The NSS similarity method doesn’t make any assumptions that are specific to gaze data and is vector based, so it may be applicable to other trajectory analysis problems too. This method is also much simpler than others and easier to interpret, although also more limited in scope. One important distinction to highlight is that this method was developed for measuring gaze similarity or hypothesis testing across groups or conditions (e.g. Dorr et al., 2010; Huff et al., 2017), while some of the some of the other existing ones are for discovering trajectory patterns. Nevertheless, there are many common elements. For example, the Gaussian similarity has already been used by Lou et al., (2009) in a trajectory data mining algorithm to determine the probability that two trajectory points match. It is also present in the affinity matrices used in some methods that are clustering-based (Brox and Malik, 2010, e.g.Hu et al., 2007). The presented method is suitable for cases where few moving objects are present, with no known information of where the areas of interest might be, and one is interested in obtaining a measure of proximity. Also this method gives each moving object an individual score indicating proximity, which can be used for other analyses.

Conclusions and remarks

We have presented a new method for calculating the NSS for gaze similarity measurements that yields the same results as the existing grid-based one, retaining all of its statistical properties, but with gains in accuracy and potentially large gains in speed. Not only do these improvements support new iterative analyses such as Monte Carlo approaches, but they also allow the extension of NSS analyses into settings requiring analysis of eye data for lengthy high definition videos because it maintains accuracy and speed regardless of screen resolution.

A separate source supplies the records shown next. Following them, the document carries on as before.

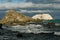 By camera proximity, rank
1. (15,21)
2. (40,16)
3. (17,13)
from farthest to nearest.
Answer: (40,16) → (17,13) → (15,21)

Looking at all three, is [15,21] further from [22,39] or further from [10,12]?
[22,39]

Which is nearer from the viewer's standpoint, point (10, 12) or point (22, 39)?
point (22, 39)

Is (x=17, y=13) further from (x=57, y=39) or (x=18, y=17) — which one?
(x=57, y=39)

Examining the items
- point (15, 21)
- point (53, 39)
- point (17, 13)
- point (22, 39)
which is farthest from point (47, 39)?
point (17, 13)

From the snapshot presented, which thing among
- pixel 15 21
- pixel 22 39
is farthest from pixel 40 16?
pixel 22 39

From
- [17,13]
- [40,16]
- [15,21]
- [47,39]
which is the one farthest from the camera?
[40,16]

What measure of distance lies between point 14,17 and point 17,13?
938cm

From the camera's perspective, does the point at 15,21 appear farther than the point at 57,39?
Yes

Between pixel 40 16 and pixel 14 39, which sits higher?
pixel 14 39

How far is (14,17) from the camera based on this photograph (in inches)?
6949

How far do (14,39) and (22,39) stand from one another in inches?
82.1

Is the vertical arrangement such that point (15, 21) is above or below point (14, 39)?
below

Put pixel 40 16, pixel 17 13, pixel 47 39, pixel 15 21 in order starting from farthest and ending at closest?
pixel 40 16 < pixel 17 13 < pixel 15 21 < pixel 47 39

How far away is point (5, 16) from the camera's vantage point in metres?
176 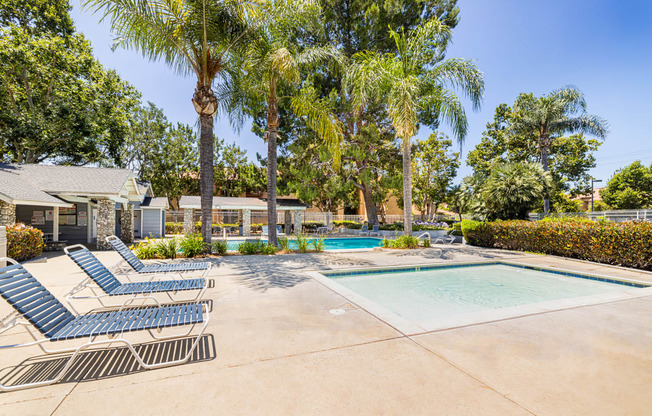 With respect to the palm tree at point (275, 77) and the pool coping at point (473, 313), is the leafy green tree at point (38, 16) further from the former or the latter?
the pool coping at point (473, 313)

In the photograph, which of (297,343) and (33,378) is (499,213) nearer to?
(297,343)

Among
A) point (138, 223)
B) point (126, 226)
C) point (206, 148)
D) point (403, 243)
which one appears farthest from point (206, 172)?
point (138, 223)

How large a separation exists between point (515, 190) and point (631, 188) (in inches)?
1347

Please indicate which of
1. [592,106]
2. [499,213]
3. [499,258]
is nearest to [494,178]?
[499,213]

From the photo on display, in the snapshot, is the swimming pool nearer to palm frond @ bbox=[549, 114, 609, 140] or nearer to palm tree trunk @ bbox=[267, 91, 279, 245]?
palm tree trunk @ bbox=[267, 91, 279, 245]

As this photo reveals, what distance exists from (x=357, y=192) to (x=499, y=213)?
22.1 m

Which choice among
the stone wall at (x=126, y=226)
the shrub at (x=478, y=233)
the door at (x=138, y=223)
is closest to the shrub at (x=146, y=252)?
the stone wall at (x=126, y=226)

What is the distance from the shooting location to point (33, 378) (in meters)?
2.72

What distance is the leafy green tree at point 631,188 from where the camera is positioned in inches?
1331

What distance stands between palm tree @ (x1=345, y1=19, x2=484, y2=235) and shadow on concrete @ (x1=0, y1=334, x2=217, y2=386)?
Answer: 35.7 feet

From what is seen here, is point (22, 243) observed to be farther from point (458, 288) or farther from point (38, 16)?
point (38, 16)

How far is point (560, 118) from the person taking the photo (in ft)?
71.2

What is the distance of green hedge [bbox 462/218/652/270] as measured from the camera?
8555 millimetres

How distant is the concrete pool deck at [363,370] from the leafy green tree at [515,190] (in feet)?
37.9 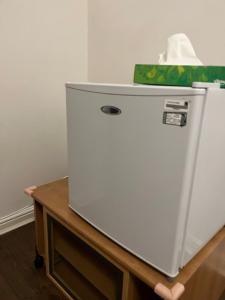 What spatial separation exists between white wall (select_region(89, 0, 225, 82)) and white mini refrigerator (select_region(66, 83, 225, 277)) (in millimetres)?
747

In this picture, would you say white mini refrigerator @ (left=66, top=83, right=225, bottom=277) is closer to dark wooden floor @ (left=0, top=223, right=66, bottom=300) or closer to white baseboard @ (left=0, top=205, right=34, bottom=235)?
dark wooden floor @ (left=0, top=223, right=66, bottom=300)

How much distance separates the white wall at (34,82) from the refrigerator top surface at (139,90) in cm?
83

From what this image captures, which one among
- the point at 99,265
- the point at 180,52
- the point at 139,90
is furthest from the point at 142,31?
the point at 99,265

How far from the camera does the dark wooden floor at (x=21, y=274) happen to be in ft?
4.37

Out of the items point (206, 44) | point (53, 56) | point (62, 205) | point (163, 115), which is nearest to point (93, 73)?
point (53, 56)

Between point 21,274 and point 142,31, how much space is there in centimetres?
174

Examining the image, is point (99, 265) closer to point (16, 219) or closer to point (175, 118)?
point (175, 118)

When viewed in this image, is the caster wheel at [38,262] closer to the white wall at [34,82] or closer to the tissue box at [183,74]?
the white wall at [34,82]

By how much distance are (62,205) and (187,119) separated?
84 cm

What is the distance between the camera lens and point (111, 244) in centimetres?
99

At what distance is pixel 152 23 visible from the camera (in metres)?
1.50

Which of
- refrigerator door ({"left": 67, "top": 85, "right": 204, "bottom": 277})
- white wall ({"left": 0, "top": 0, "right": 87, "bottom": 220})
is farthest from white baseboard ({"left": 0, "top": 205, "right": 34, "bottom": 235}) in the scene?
refrigerator door ({"left": 67, "top": 85, "right": 204, "bottom": 277})

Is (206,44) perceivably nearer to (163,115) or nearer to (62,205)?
(163,115)

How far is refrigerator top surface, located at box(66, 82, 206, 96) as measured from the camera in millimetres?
660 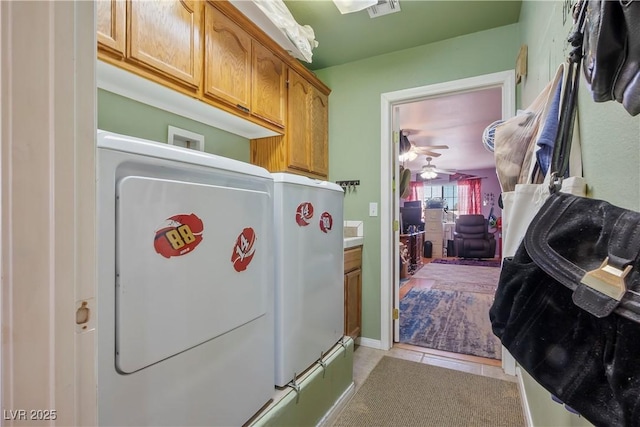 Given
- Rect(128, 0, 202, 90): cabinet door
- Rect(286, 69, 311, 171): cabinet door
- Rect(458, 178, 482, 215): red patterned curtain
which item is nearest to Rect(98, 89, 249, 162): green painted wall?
Rect(128, 0, 202, 90): cabinet door

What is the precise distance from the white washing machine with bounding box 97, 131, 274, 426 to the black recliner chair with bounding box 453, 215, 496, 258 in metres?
7.34

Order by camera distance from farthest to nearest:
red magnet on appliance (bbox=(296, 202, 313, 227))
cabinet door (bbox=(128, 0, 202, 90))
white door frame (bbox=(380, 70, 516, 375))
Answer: white door frame (bbox=(380, 70, 516, 375))
red magnet on appliance (bbox=(296, 202, 313, 227))
cabinet door (bbox=(128, 0, 202, 90))

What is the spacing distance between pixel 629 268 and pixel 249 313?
1062 millimetres

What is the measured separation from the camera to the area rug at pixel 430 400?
5.42 feet

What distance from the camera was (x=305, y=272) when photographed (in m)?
1.52

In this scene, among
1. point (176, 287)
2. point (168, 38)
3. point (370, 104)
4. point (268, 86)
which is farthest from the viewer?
point (370, 104)

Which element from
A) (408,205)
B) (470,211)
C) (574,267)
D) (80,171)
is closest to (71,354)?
(80,171)

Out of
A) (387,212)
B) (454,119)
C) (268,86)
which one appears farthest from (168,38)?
(454,119)

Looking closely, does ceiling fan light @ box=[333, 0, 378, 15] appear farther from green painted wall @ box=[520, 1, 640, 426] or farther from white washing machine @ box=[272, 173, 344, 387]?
white washing machine @ box=[272, 173, 344, 387]

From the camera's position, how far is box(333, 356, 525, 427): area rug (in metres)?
1.65

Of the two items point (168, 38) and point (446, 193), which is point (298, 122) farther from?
point (446, 193)

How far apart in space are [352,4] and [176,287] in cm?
179

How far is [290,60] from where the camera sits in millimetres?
2178

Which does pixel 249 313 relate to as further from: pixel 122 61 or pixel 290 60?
pixel 290 60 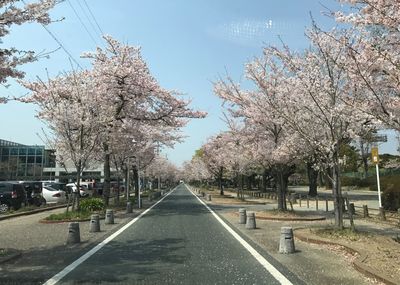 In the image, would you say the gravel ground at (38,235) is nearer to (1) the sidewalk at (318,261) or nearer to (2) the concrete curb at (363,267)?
(1) the sidewalk at (318,261)

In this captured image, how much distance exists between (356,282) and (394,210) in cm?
Result: 1717

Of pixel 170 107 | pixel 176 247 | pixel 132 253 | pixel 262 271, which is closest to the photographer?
pixel 262 271

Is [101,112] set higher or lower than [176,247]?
higher

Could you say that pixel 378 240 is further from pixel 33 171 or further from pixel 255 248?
pixel 33 171

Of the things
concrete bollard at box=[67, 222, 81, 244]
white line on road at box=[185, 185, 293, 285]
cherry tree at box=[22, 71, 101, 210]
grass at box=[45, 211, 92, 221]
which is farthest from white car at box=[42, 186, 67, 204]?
white line on road at box=[185, 185, 293, 285]

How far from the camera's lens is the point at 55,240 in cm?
1466

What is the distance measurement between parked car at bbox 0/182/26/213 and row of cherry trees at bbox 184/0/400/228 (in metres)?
14.0

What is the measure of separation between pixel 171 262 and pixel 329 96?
316 inches

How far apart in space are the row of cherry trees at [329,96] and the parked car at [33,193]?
578 inches

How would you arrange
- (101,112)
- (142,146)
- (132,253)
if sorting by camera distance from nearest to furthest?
1. (132,253)
2. (101,112)
3. (142,146)

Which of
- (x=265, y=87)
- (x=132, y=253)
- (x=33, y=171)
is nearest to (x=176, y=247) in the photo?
(x=132, y=253)

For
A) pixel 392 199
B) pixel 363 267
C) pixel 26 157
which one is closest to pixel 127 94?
pixel 392 199

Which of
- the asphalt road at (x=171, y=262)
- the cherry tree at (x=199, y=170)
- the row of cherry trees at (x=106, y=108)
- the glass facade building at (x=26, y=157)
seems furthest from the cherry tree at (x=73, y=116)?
the glass facade building at (x=26, y=157)

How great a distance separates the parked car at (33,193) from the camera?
31.9 meters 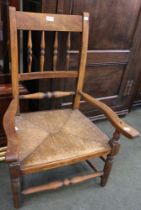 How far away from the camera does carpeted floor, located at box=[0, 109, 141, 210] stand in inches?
44.4

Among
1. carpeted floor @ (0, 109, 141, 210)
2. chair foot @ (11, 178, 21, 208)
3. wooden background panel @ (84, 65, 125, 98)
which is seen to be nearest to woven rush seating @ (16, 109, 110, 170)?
chair foot @ (11, 178, 21, 208)

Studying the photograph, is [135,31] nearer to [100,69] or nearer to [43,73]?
[100,69]

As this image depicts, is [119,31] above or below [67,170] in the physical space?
above

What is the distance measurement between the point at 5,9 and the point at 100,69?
808 mm

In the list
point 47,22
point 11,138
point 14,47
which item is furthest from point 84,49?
point 11,138

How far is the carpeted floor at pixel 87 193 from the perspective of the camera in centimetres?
113

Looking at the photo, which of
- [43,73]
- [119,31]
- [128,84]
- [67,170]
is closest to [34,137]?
[43,73]

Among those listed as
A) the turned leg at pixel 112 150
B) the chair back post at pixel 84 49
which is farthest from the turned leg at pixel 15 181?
the chair back post at pixel 84 49

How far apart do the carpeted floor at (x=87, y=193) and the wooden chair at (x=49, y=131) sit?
0.10 meters

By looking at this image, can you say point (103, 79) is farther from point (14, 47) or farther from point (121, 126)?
point (14, 47)

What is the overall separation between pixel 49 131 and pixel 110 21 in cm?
89

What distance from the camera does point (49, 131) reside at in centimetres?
107

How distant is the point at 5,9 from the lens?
106cm

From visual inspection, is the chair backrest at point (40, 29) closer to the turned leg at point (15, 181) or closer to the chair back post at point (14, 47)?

As theoretically expected, our implementation shows huge speed gains for the analytical calculation compared with the grid method in many, but not all, cases. The grid method remains a better choice if the number of participants or time points per window is large. However, strategies exist that can be used to counteract such obstacles for the analytical calculations.

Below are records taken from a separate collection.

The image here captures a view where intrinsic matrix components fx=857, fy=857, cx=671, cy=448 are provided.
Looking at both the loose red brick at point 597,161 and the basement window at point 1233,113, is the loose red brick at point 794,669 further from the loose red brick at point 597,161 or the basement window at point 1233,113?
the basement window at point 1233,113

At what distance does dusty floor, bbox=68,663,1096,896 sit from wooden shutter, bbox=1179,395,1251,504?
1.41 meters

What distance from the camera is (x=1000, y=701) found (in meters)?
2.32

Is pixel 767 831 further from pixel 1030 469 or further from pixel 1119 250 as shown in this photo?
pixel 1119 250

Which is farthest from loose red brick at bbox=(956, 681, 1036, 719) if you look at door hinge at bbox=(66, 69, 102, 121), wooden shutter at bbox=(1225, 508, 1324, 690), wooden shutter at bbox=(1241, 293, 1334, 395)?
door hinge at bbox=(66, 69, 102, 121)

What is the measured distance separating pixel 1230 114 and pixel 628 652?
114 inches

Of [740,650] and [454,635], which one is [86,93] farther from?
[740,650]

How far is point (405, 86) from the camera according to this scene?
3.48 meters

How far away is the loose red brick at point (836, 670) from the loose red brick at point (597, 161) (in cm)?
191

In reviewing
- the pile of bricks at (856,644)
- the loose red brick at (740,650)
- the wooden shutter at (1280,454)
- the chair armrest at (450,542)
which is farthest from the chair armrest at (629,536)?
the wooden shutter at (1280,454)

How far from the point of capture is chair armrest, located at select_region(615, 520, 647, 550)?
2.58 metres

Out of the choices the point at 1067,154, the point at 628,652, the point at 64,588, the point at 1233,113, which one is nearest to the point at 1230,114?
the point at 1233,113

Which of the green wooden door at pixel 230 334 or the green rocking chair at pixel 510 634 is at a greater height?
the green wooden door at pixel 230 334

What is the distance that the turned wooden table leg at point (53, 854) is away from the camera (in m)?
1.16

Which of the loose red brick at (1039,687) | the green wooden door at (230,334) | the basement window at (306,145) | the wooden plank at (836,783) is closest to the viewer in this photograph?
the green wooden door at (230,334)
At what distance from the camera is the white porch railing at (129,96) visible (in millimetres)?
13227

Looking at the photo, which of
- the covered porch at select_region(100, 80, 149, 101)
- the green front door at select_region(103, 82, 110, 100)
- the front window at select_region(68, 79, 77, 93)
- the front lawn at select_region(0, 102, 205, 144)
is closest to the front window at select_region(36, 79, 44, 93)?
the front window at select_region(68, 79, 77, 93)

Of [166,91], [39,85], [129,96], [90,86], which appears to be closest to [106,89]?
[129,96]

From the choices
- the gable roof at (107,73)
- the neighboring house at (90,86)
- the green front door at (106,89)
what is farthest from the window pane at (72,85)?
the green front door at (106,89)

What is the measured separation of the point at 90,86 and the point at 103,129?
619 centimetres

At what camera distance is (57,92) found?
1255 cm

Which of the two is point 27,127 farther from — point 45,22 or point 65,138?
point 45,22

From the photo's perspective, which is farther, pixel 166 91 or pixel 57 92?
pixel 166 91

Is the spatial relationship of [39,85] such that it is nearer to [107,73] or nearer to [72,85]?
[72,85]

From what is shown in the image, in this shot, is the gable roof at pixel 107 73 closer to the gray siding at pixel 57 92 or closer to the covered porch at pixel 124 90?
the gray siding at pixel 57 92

The approximate form of the analytical NSS produced even larger gains in speed, although care must be taken if a large number of gaze points are near screen boundaries. Therefore, as a precaution we proposed either padding each frame or tracking the number of gaze points within certain number of standard deviations of the frame border if the approximation is to be employed.

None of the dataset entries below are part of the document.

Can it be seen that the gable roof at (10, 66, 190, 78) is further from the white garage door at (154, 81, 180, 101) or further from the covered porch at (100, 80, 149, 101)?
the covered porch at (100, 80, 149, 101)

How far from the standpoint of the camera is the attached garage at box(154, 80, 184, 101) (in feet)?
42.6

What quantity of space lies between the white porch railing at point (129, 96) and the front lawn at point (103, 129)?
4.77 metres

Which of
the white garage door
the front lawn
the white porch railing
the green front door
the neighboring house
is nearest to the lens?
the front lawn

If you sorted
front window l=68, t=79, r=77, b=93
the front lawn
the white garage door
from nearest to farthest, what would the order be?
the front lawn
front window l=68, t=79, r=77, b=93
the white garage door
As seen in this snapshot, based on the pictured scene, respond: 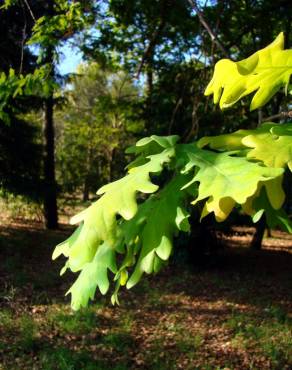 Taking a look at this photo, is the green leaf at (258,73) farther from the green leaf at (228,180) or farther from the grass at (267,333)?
the grass at (267,333)

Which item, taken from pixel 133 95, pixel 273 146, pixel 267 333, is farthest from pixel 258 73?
pixel 133 95

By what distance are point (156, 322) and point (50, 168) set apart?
7.04m

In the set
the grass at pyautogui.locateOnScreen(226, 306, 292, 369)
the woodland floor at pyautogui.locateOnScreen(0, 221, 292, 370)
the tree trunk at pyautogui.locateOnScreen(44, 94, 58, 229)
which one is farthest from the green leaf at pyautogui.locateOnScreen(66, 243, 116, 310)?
the tree trunk at pyautogui.locateOnScreen(44, 94, 58, 229)

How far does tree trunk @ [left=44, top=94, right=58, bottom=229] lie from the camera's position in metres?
11.9

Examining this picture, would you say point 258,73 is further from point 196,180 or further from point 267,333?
point 267,333

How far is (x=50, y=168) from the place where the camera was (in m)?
12.4

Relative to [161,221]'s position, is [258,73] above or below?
above

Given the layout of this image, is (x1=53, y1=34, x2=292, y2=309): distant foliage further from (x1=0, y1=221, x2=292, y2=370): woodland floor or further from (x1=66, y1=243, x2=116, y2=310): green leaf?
(x1=0, y1=221, x2=292, y2=370): woodland floor

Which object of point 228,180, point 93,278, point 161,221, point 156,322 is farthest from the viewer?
point 156,322

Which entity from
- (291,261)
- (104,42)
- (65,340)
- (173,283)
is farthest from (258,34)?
(291,261)

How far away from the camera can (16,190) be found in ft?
35.3

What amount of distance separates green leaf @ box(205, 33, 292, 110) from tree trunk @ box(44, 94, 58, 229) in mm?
10877

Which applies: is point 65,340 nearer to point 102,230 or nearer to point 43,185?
point 102,230

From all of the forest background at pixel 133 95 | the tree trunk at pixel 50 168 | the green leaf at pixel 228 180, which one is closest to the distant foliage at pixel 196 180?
the green leaf at pixel 228 180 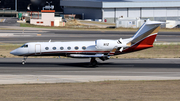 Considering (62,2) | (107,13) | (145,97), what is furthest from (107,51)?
(62,2)

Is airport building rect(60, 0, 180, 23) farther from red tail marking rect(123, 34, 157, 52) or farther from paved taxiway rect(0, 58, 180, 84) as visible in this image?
red tail marking rect(123, 34, 157, 52)

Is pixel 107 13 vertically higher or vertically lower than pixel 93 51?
higher

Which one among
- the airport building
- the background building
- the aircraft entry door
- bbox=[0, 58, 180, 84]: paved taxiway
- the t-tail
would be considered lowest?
bbox=[0, 58, 180, 84]: paved taxiway

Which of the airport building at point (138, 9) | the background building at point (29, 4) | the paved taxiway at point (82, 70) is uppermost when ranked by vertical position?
the background building at point (29, 4)

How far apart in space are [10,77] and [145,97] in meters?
13.4

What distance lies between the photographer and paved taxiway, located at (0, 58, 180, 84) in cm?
2459

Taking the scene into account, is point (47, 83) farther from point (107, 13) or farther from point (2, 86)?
point (107, 13)

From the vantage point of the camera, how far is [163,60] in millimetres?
35344

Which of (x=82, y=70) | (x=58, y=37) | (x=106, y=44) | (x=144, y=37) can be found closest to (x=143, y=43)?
(x=144, y=37)

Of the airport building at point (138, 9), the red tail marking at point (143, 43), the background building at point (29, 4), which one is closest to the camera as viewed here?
the red tail marking at point (143, 43)

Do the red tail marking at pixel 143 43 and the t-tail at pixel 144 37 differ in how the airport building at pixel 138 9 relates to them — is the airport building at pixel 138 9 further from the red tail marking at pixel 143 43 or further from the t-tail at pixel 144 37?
the red tail marking at pixel 143 43

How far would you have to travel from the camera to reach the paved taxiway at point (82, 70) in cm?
2459

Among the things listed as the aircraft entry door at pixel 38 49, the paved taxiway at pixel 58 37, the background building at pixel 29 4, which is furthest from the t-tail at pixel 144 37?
the background building at pixel 29 4

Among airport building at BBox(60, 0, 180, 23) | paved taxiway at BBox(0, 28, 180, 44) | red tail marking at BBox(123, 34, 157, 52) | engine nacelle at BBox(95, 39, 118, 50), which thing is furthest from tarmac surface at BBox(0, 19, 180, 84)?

The new analytical method presented here also shows very good dimensionality scaling, and it is efficient in either 2D or 3D. This can support new applications of the NSS not only for eye movement data, but possibly for more complex higher-dimensional applications, where the grid method is completely unfeasible. We have identified some specific possible examples of possible applications, and many others may exist involving biological signals such as fMRI and EEG.

The analytical framework presented could be used to further investigate other variations of the NSS measure and make use of the support for high-dimensional data and Monte Carlo methods, in tune with modern trends.